Папа сказал нам, что отсюда до нашего хутора остается двадцать верст. Мы приободрились и повеселели. Напоивши лошадей, мы тронулись дальше.
– Дядя Степа, – говорю я своему спутнику, – неужели нигде нет леса? И грибов негде будет собирать?
– Нет, – говорит дядя, который с папа уже прежде побывал в самарском хуторе, – леса нигде нет. Есть недалеко от хутора большая лощина, в ней растут березы. Но они растут не так, как у нас, а кустами, и не бывают выше человеческого роста.
– Ну, а прудов и рек неужели тоже нет?
– Нет. Ваш папа велел вырыть возле дома пруд, но вода там не держится и летом высыхает.
– А рек?
– Река есть верстах в пятнадцати от хутора. Она называется Каралык. Но она не такая, как наши речки. Она не течет руслом, а состоит из маленьких озер, между собой не связанных.
– И везде так плоско, как здесь?
– Нет, подъезжая к хутору, ты увидишь очень странные горки. Они все состоят из раковин и разных окаменелостей. Между ними ты найдешь очень странную окаменелость, которую называют "чертов палец" и которая представляет из себя окаменелого какого-то моллюска. Теперь это камень желто-серого цвета, действительно похожий на палец, но только с более длинным и заостренным концом.
Ведь вся эта местность, по которой мы проезжаем, была прежде, в незапамятные времена, огромным морем, и те окаменелости, которые мы теперь находим в степи, были прежде в море.
Это мне понравилось, и я с нетерпением ждала, когда покажутся горы.

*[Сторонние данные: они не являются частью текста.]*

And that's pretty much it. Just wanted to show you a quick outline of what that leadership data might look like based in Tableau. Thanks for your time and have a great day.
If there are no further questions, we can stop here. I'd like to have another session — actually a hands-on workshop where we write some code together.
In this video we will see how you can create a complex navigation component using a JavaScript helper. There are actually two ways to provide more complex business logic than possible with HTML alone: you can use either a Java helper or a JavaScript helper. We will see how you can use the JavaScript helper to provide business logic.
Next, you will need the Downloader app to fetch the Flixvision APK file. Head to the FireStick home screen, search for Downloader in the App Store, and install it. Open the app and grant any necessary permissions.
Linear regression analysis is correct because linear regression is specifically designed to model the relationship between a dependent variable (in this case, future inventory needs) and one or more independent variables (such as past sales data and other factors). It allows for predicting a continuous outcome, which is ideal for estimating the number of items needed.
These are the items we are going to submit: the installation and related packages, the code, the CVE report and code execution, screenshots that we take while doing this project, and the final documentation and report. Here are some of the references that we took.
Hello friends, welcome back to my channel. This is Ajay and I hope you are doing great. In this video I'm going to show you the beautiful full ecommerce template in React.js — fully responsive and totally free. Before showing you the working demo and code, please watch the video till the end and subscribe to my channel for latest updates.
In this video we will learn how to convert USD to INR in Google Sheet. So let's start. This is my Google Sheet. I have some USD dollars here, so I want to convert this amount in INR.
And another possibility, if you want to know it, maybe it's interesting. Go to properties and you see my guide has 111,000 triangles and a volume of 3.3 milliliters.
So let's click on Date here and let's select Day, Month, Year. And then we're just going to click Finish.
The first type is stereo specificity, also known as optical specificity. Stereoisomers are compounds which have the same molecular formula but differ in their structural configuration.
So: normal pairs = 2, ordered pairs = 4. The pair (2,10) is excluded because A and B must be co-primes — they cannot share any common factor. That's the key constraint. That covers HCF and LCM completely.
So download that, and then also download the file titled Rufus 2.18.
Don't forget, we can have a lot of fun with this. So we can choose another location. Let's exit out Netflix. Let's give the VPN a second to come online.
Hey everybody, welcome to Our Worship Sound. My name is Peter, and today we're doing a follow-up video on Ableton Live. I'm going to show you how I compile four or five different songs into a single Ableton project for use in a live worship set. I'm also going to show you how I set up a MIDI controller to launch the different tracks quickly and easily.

Последняя деревня, которую мы проехали, была Гавриловка. От нее до хутора только девять верст.
Степь все такая же гладкая, но вот вдруг на горизонте показалась гора правильной конической формы с закругленной вершиной.
– Дядя Степа, – кричу я. – Что это?
– Это гора Шишка. Она за хутором верстах в двух, трех.
Недалеко от Шишки виднеются еще несколько возвышений, не таких высоких и не такой правильной формы, как она. Дядя Степа объяснил мне, что это – курганы, то есть насыпи, под которыми в давние времена люди хоронили своих покойников.
Вот наконец и наш хутор: маленький серый деревянный дом и около него несколько таких же деревянных хозяйственных построек. Дальше, в степи, стоит войлочная палатка, которую здесь зовут кибиткой.
И вот тут мы должны прожить целое лето!